Section 41 of the Probate Code restricts by its terms the portion of the estate which the church can receive; the one-third which it is entitled to take is one-third of the net amount remaining in the estate after the payment of the costs of administration, the federal estate tax, if any, and the satisfaction of all proven debts of the decedent in the estate proceeding. (Estate of Hinckley, 58 Cal. 457, 516-517; Estate of Campbell, 175 Cal. 345, 351 [165 P. 931]; Estate of Dwyer, 159 Cal. 680, 693-694 [115 P. 242]; Estate of Bauer, 59 Cal.App.2d 152, 160 [138 P.2d 717]; Estate of Henderson, 17 Cal.2d 853, 862 [112 P.2d 605].)

If anything is left over after the payment of the foregoing specified costs of administration, federal estate tax, debts of the decedent, the bequests of one dollar each to Alfred Finley Moore and Chella D. Moore, the annuity in full to Benee Dellavoix, and the one-third of the net estate as above provided to Trinity Methodist Church, together with interest *743as hereinafter specified, the brother of the decedent, Alfred Finley Moore, shall be entitled to all of such remainder by reason of the law of succession. (Prob. Code, § 225; Estate of Fritze, 85 Cal.App. 500, 506 [259 P. 992]; Estate of Davis, 74 Cal.App.2d 357, 361 [168 P.2d 789]; Estate of Randall, 86 Cal.App.2d 422 [194 P.2d 709].)

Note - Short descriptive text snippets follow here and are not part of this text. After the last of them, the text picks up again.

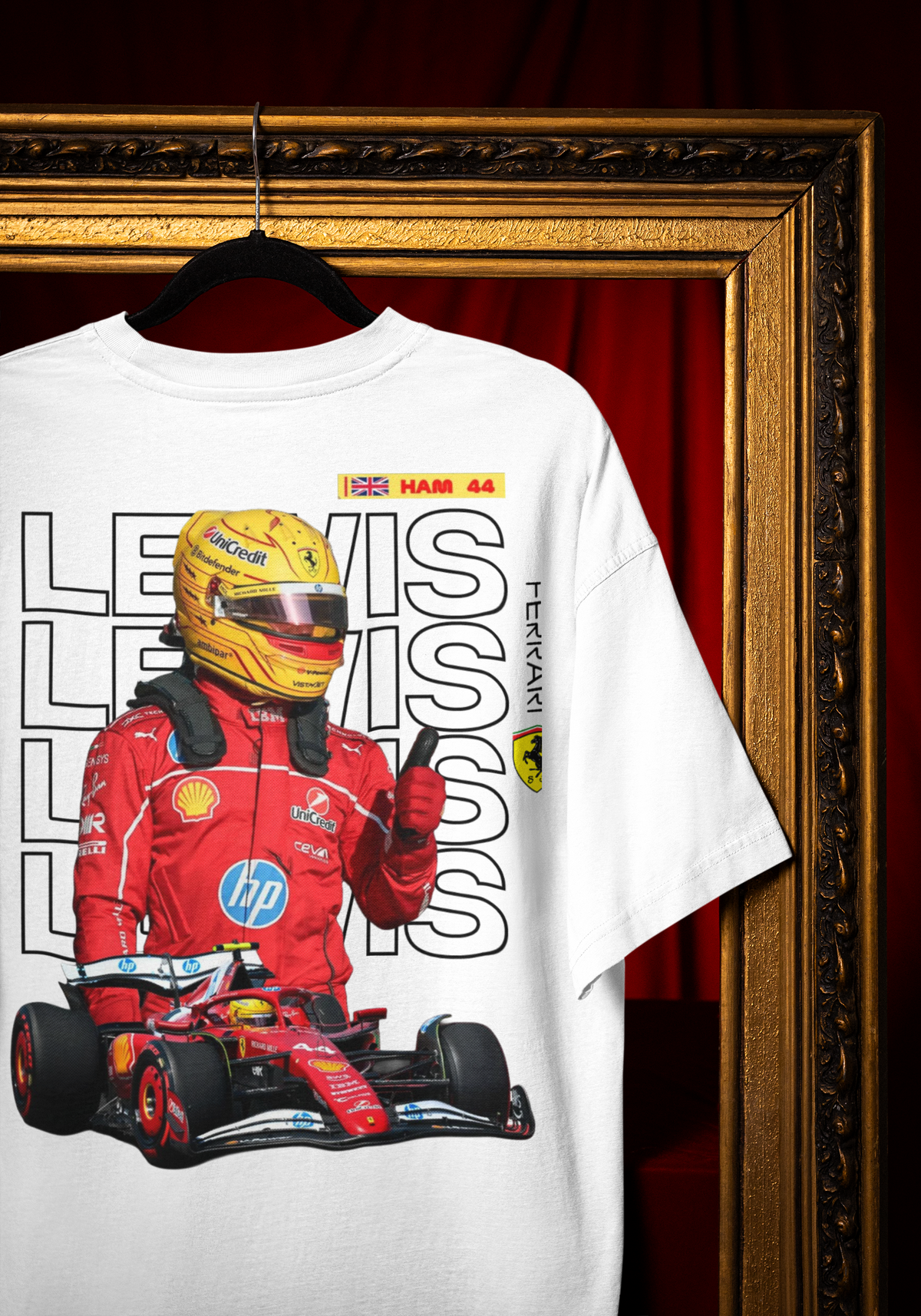 Lewis Hamilton Ferrari Formula 1 Oversized T-shirt
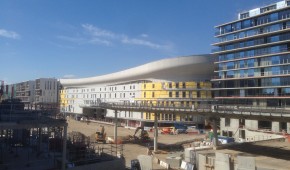 Arena Nanterre La Défense - Chantier au 1 mai 2016 - copyright OStadium.com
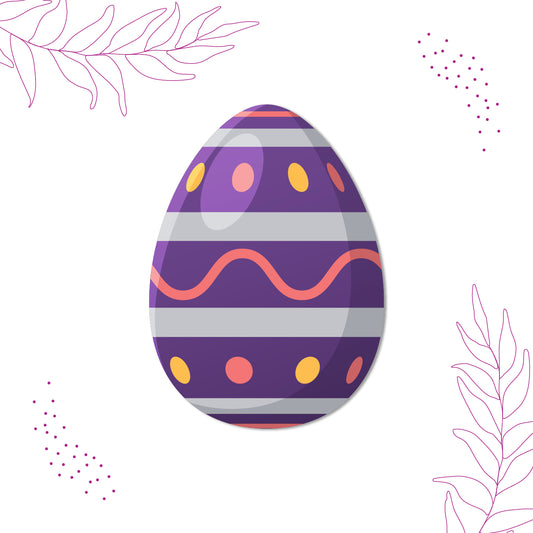 Durable laser-cut easter egg_purple fridge magnet perfect for holiday gifts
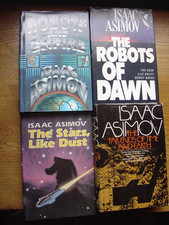 Vtg BCE Isaac Asimov Book Lot Robots of Dawn and Empire The stars Like Dust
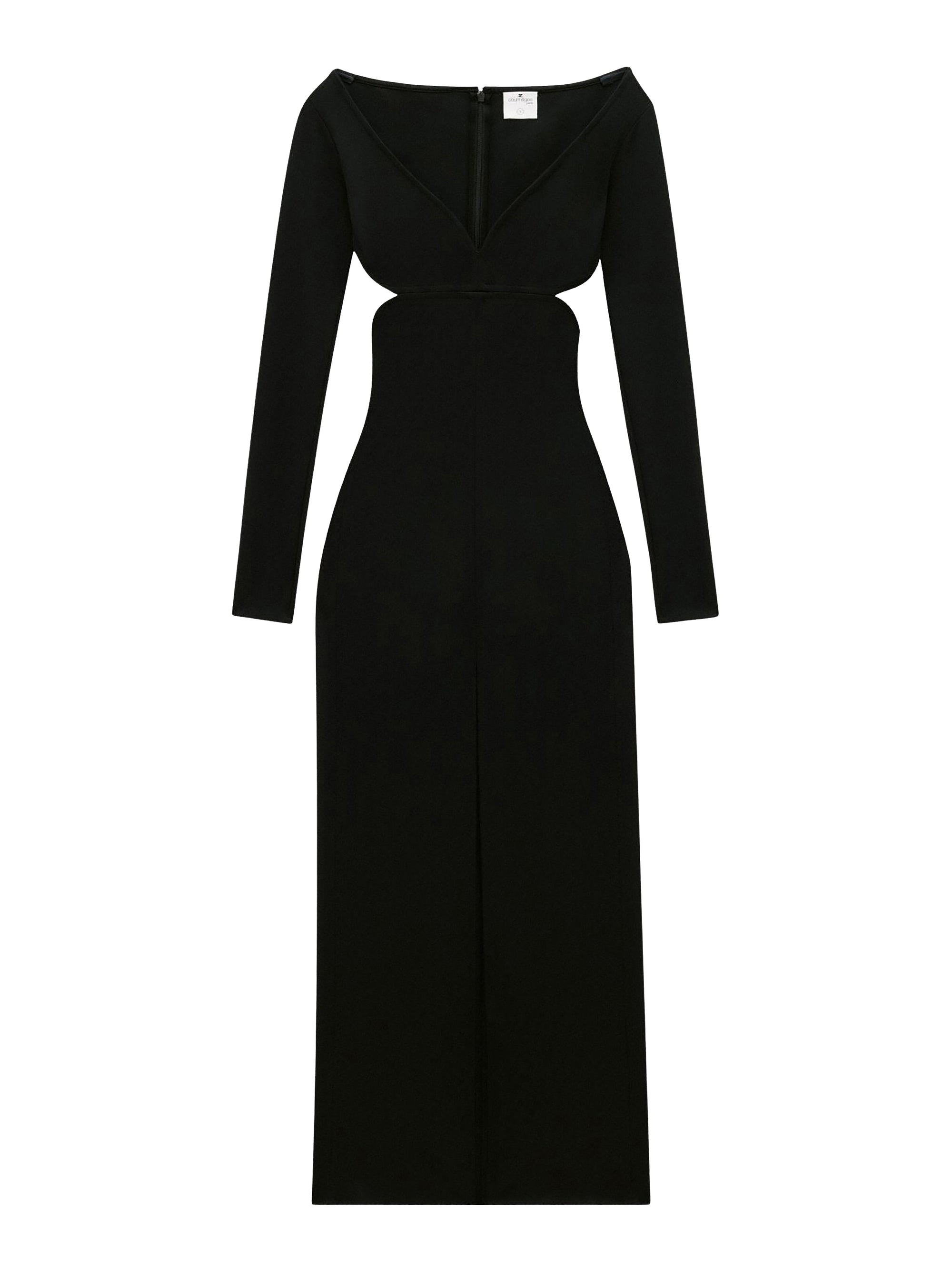 Swallow breast milano Dress - Black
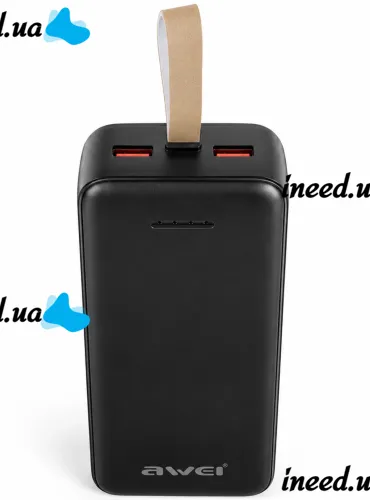 Портативное зарядное устройство Power Bank Awei J111B 50000 мАч 22.5W внешний аккумулятор повербанк с быстрой зарядкой для телефона IOS Android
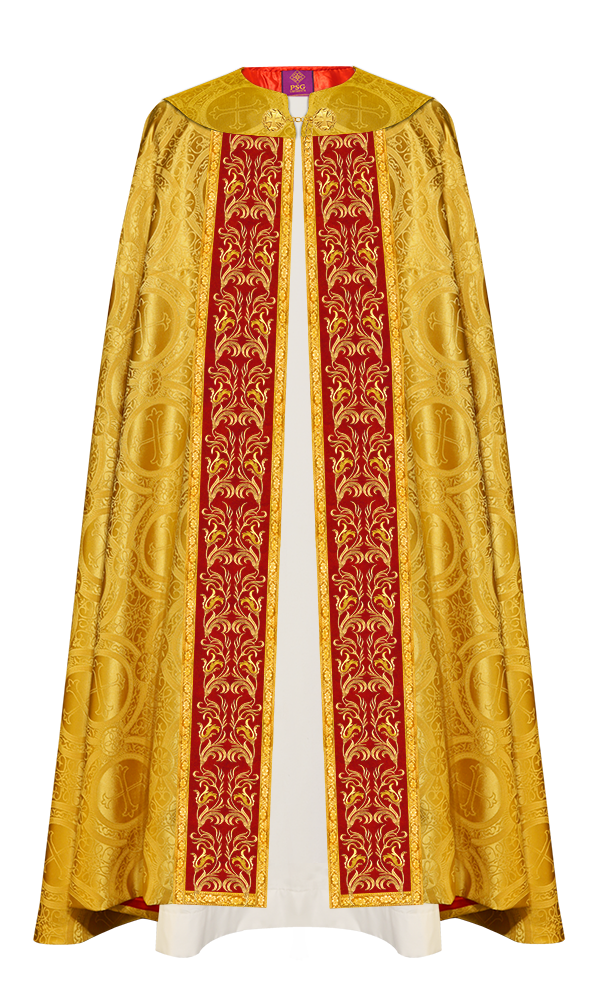 GOTHIC COPE EXECUTED WITH EMBROIDERED ORPHREY
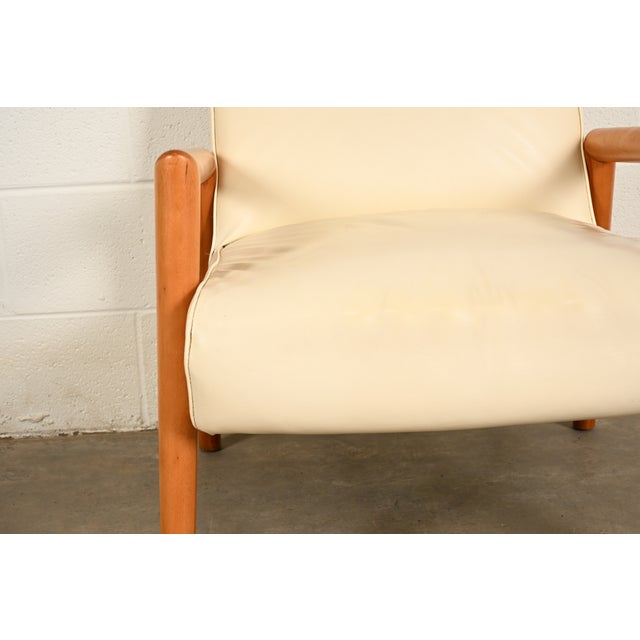 Brown Leslie Diamond for Conant Ball Mid-Century Modern Sculpted Solid Birch Lounge Chair, 1950s For Sale - Image 8 of 14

Unless the annuity provision of the will shall be ordered satisfied by the court after application therefor by Renee Dellavoix through the purchase of such annuity from an insurer admitted to do business in this state, pursuant to the provisions of section 584 of the Probate Code, it is possible that by reason of the life span of the annuitant, the estate will not be sufficient, excluding the one-third assignable to charity, to complete the payment of the annuity. In such circumstances, the general estate, including that portion which would go to charity, would be liable for the payment of whatever sums would be required to complete the payment of the annuity in full. Section 161 of the Probate Code provides in part:

“Legacies are distinguished and designated, according to their nature, as follows: ... (3) [Annuity.] An annuity is a bequest of certain specified sums periodically; if the fund or property out of which ... an annuity is payable fails, in whole or in part, resort may be had to the general assets, as in case of a general legacy; (4) [Residuary.] A residuary legacy embraces only that which remains after all the bequests of the will are discharged; (5) [General.] All other legacies are general legacies.”

Care should be taken, therefore, that no distribution shall be made of the permissible portion of the legacy to the Trinity Methodist Church, unless and until the annuity shall have been paid, or satisfied, in accordance with the terms of the will as construed in this opinion. The payment of the annuity to Renee Dellavoix is entitled to preference over the residuary legacy to Trinity Methodist Church. (Estate of Luckel, supra, 151 Cal.App.2d 481, 494-495.)

A word as to interest: the annuity commenced at the testator’s death, and installments thereof were due at the end of each monthly period thereafter. Renee Dellavoix is entitled to interest at 4 per cent per annum on the amount of any unpaid accumulations of such monthly installments, on each anniversary of the decedent’s death, computed from the date of such anniversary. The pecuniary legacies, including the permissible fraction of the legacy to the Trinity Meth*744odist Church, if not paid prior to the first anniversary of the testator’s death, shall bear interest thereafter at the rate of 4 per cent per annum; this interest shall be paid in addition to the legacies, or the permissible portions thereof, as heretofore set forth. (Prob. Code, § 162; Estate of Fitzgerald, supra, 62 Cal.App. 744, 752.)

The judgment is reversed with instructions to the trial court to adopt findings and enter a decree in conformity herewith. Trinity Methodist Church, a corporation, and Renee Dellavoix shall recover their costs on this appeal.

Griffin, P. J., and Brown (Gerald), J., concurred.

Assigned by Chairman of Judicial Council.